Tayt Ianni

Personal information
- Full name: Tayt Ianni
- Date of birth: December 6, 1971 (age 54)
- Place of birth: Lodi, California, United States
- Height: 5 ft 8 in (1.73 m)
- Position: Defender

Youth career
- 1990–1993: UCLA

Senior career*
- Years: Team / Apps / (Gls)
- 1994: East Los Angeles Cobras
- 1994–1995: TuS Celle
- 1995: Monterey Bay Jaguars
- 1995–1996: Rajpracha
- 1996: Tampa Bay Mutiny / 0 / (0)
- 1996–1997: San Jose Clash / 7 / (0)
- 1997–2000: Orange County Zodiac

International career^{‡}
- 1996: United States / 1 / (0)

= Tayt Ianni =

American soccer player (born 1971)

Tayt Ianni (born December 6, 1971, in Lodi, California) is a former U.S. soccer defender.

==Career==
===College===
Ianni grew up in Lodi, California, and attended Lodi High School where he was a two time Parade Magazine high school All-American soccer player.
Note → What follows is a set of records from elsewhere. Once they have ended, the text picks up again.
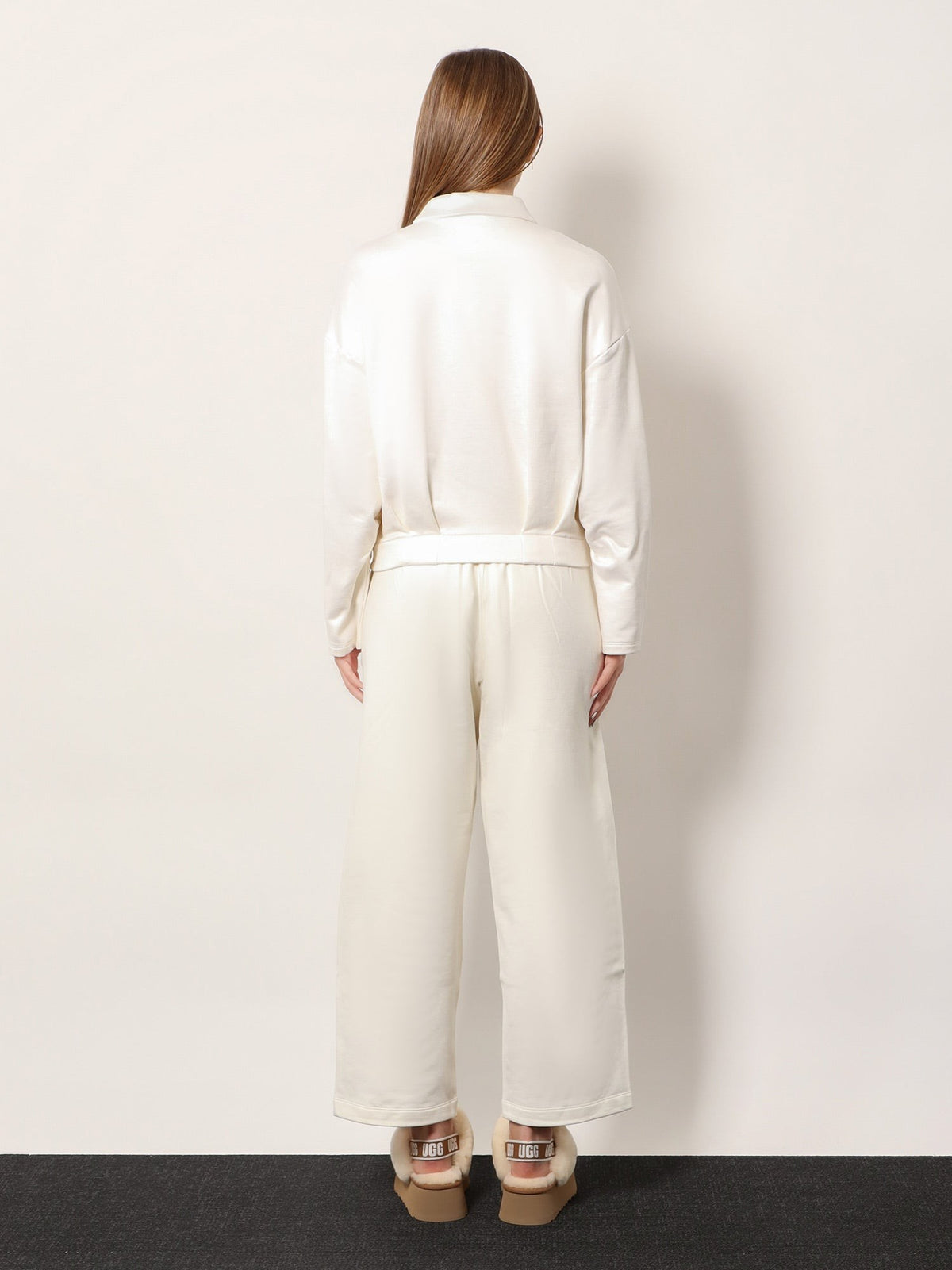 Max Mara Women's Argenta Sweatshirt White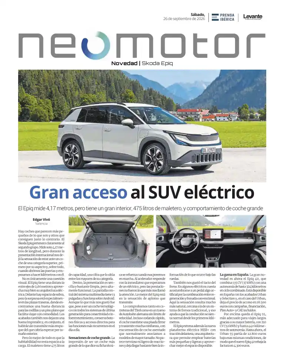 Cover of NeoMotor | Levante EMV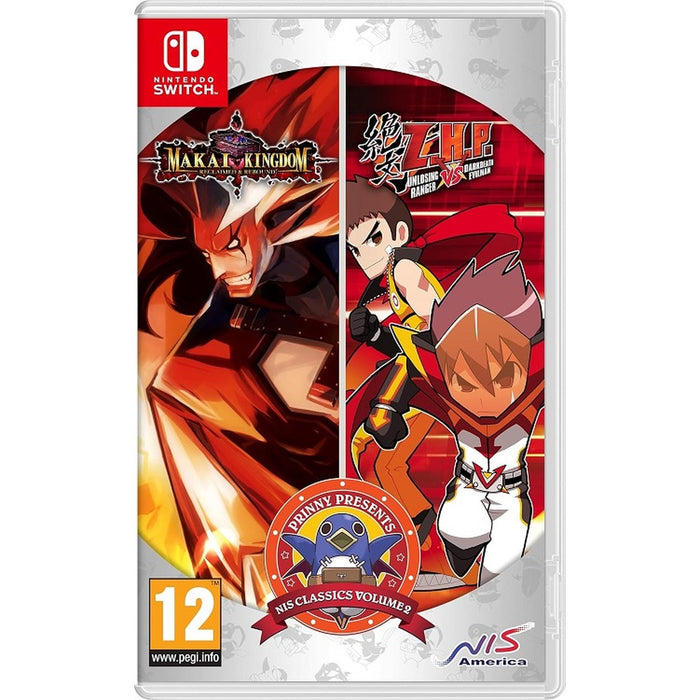 Prinny Presents NIS Classics Volume 2 Standard Edition Nintendo Switch box art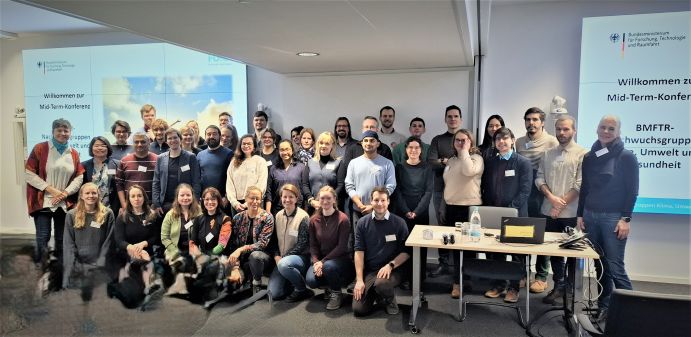 Die Nachwuchsforschenden zu den Themen Klima, Umwelt, Gesundheit verfolgen einen globalen Denkansatz und legen den Fokus auf die Vernetzung. 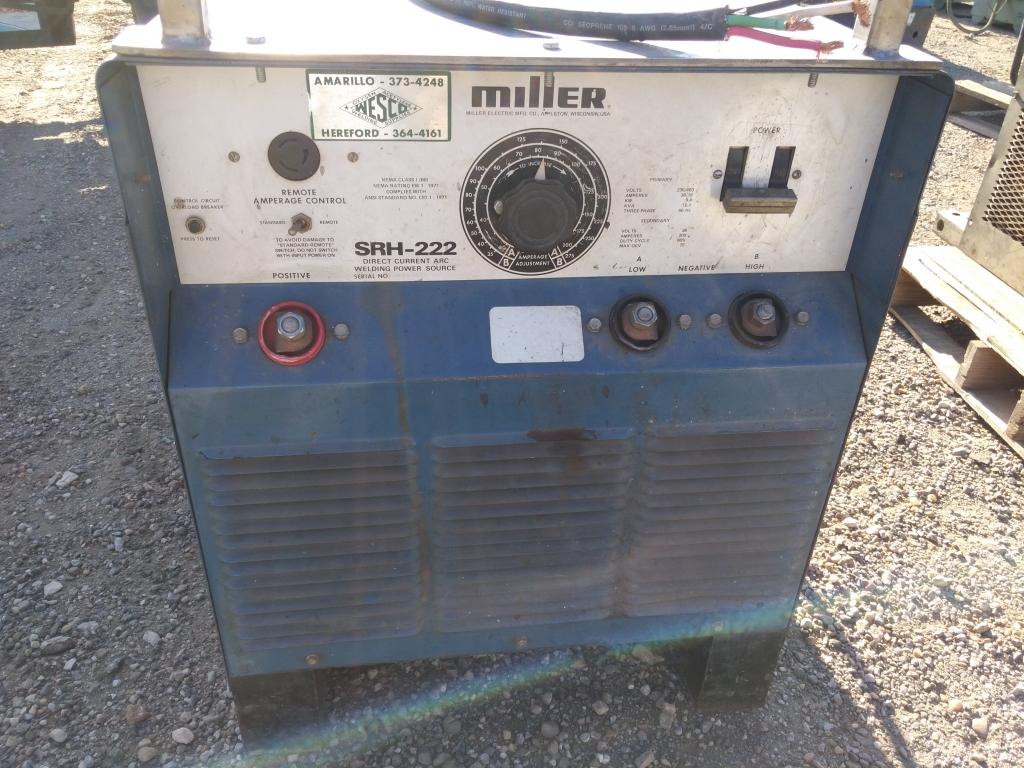 Miller SRH-222 Welder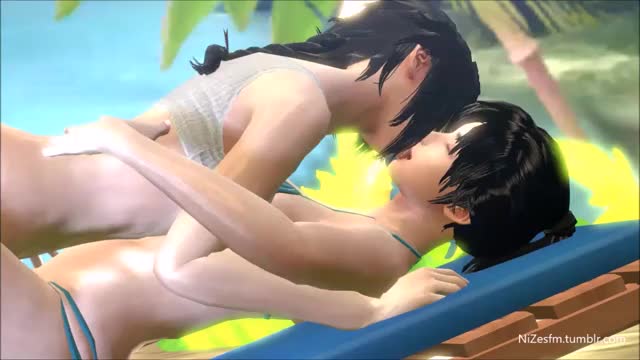 [NiZeSFM] Vella &amp; Evie Make out on the Beach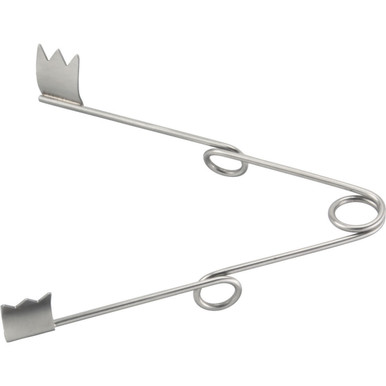 Tarp Spring Retractor Spring Wire Retractor, 3-1/2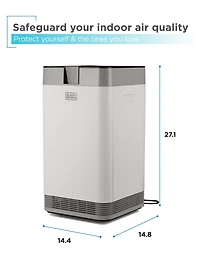 Electrostatic Precipitator Air Purifier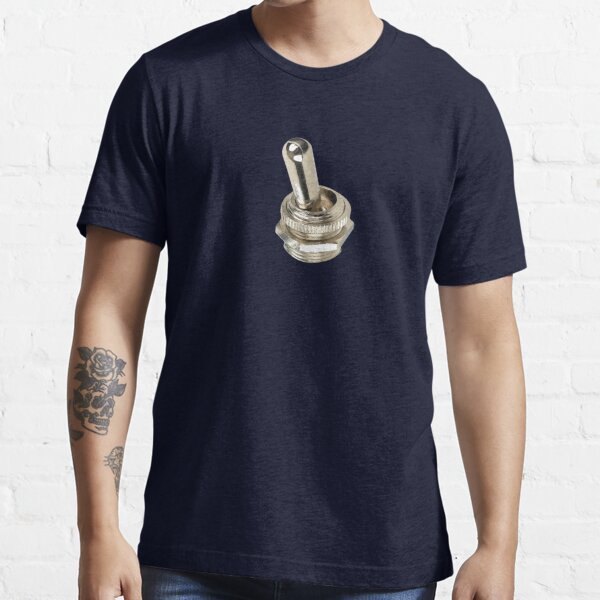Toggle Switch - On/off Essential T-Shirt
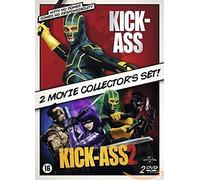 Kick-ass 1 & 2 (DVD) Jeff Wadlow Matthew Vaughn Mark Strong Elizabeth McGovern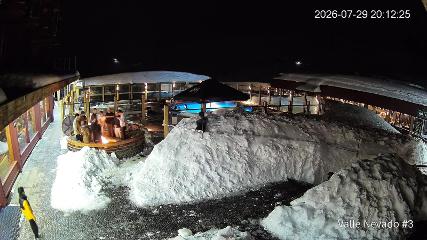 Valle Nevado: Vista Piscina (Vallenevado.com)
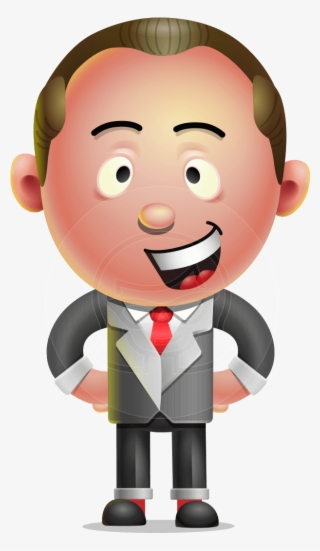 Meet Xavier Sharpmind - Cartoon Of Ultimate Business Png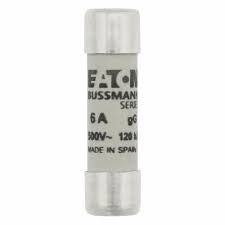 FUSE CARTRIDGE 6A 500VAC 5AG (C10G6)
After high school, Ianni attended UCLA where he played on the men's soccer team from 1990 to 1993. He started eighty-two games during his four seasons with the Bruins, and was the team captain his senior year. His freshman year, the Bruins won the NCAA championship.

===Professional===
In 1994, Ianni signed with the East Los Angeles Cobras of USISL. He then moved to German Third Division (Regionalliga) club TuS Celle for the 1994–1995 season. He returned to the United States in 1995 and joined the Monterey Bay Jaguars for the last month of the 1995 USISL regular season. The Jaguars won the Divisional title, to advance to the Sizzlin’ Nine tournament. At the end of the USISL season, he moved to Thailand where he signed with First Division club Rajpracha-UCOM. He spent the 1995–1996 season in Thailand and played with Raj Pracha FC in the Asian Cup Winners Cup. In February 1996, the Tampa Bay Mutiny of Major League Soccer (MLS) picked Ianni in the eighth round (seventy-seventh overall) of the Inaugural MLS Draft. Ianni joined the Mutiny on the completion of the Thai season, appearing in several pre-season MLS games. Ianni made his first MLS start July 31, 1996, against the New England Revolution at right back. However, the Mutiny waived him on July 1, 1996, and the next day, the San Jose Clash claimed him off waivers. Over the course of the 1996 season, Ianni played in ten games and scored one goal with the Clash. The Clash waived Ianni on May 18, 1997. After being released by the Clash, Ianni joined the Orange County Zodiac for the 1997 season. Then, that fall, he moved to Japan to play professional beach soccer. ^{} In February 1998, the Colorado Rapids selected Ianni in the third round (35th overall) of the MLS Supplemental Draft ^{} However, they never signed him to a contract. Instead, he continued to play for the Zodiacs through the 2000 season. That year, they club was renamed the Orange County Waves.

===International===
In 1988, Ianni played five games with the U.S. U-18 national team. The next two years, he was part of the U.S. U-20 team which qualified for the 1991 U-20 FIFA World Championship, but he did not play in that tournament. From 1992 to 1994, he played several games with the U.S. National "B" Team. Ianni earned his only cap with the U.S. national team in a 4–1 loss to Peru on October 16, 1996. Ianni, along with several teammates in the game, was called up when the regular national team players went on strike and refused to play.

==Personal life==
Ianni now works as a mortgage broker for Nation's Funding Limited in Newport Beach, California. He married his wife Nicole, the daughter of former UCLA football coach Terry Donahue, in 1996 and has three children. His brother Patrick also played soccer in Major League Soccer and for the United States under-23 men's national soccer team.